Office of the Attorney General
Honorable Lloyd D. Vincent
Opinion No. H-1260
Re: Application of Copyright Revision Act of 1976 to performances of musical works at state colleges and universities.
Dear President Vincent:
You inquire about the application of federal copyright law to musical performances at state colleges and universities. The Copyright Revision Act of 1976, 17 U.S.C. ss 101-810, gives a copyright owner the exclusive right to authorize the public performance of his musical works, subject to the Fair Use Doctrine and certain specific exceptions. 17 U.S.C. ss 106(4); 107; 110. Other persons who wish to perform copyrighted music publicly must secure the copyright holder's permission, usually by paying him a licensing fee. See 17 U.S.C. s 501(a).

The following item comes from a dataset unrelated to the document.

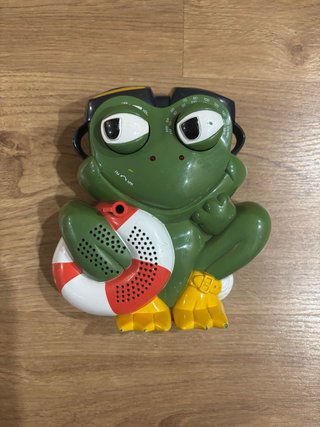 Radio de ducha antigua con forma de rana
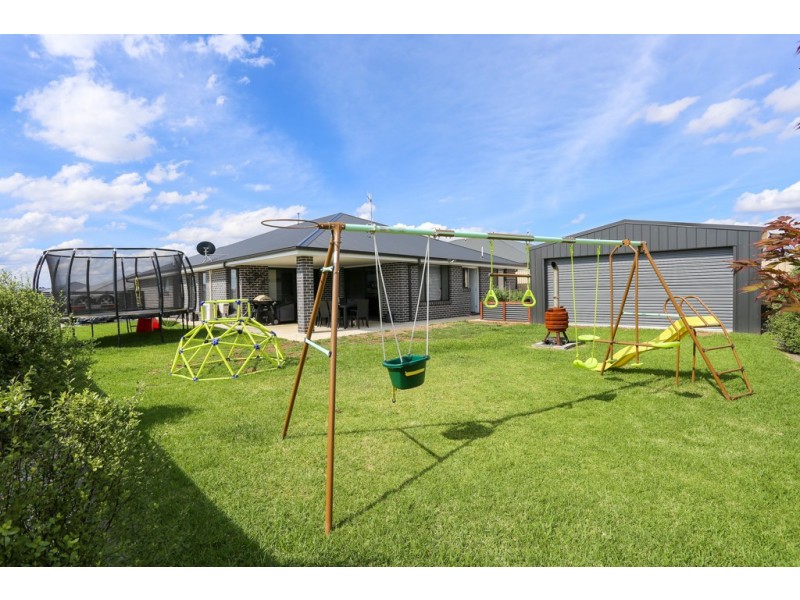 12 Coates Drive, Kelso NSW 2795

Many copyright owners have authorized private performing rights organizations, the American Society of Composers, Authors, and Publishing (ASCAP) and Broadcast Music, Inc. (BMI), to license their works. These organizations have asked state supported colleges and universities to sign blanket licensing agreements, which require the payment of a yearly fee in exchange for the right to perform any composition in the society's repertory. The fee is based on the institution's enrollment and the number of major concerts it holds each year.

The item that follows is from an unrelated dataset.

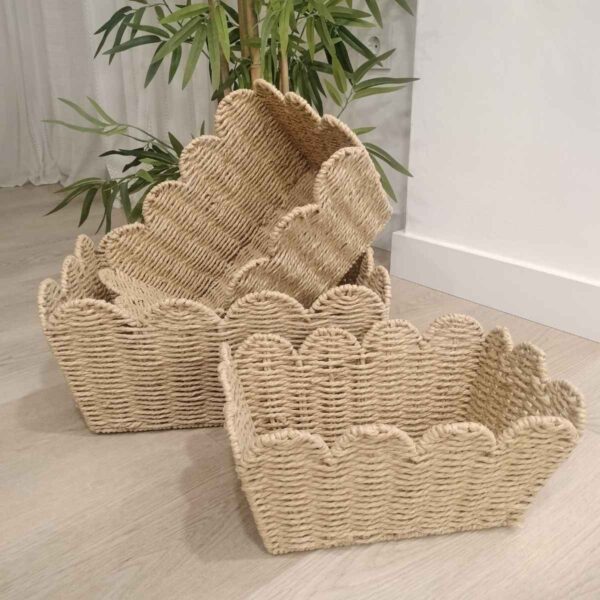 Conjunto de 3 cestas de fibra natural con bordes decorados Eloisa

You first ask whether state supported colleges and universities must secure permission for the performance of copyrighted works on campus. Although prior law required a license only when a performance was 'for profit,' Act of July 30, 1947, ch. 391, s 104, 61 Stat. 652; see also Annot., 23 A.L.R. Fed. 974 (1975), the new law also requires licensing for nonprofit performances, with certain specific exceptions. The following provisions are most relevant to your questions:
Notwithstanding the provisions of section 106 [17 U.S.C. s 106], the following are not infringements of copyright:
(1) performance or display of a work by instructors or pupils in the course of face-to-face teaching activities of a nonprofit educational institution, in a classroom or similar place devoted to instruction . . .;
. . . .
(4) performance of a nondramatic literary or musical work otherwise than in a transmission to the public, without any purpose of direct or indirect commercial advantage and without payment of any fee or other compensation for the performance to any of its performers, promoters, or organizers, if--
(A) there is no direct or indirect admission charge; or
(B) the proceeds, after deducting the reasonable costs of producing the performance, are used exclusively for educational, religious, or charitable purposes and not for private financial gain, except where the copyright owner has served notice of objection to the performance under the following conditions;
(i) the notice shall be in writing and signed by the copyright owner or such owner's duly authorized agent; and
(ii) the notice shall be served on the person responsible for the performance at least seven days before the date of the performance, and shall state the reasons for the objection; and
(iii) the notice shall comply, in form, content, and manner of service, with requirements that the Register of Copyrights shall prescribe by regulation;
17 U.S.C. s 110. Section 110(2) exempts the performance of musical works in certain instructional broadcasts.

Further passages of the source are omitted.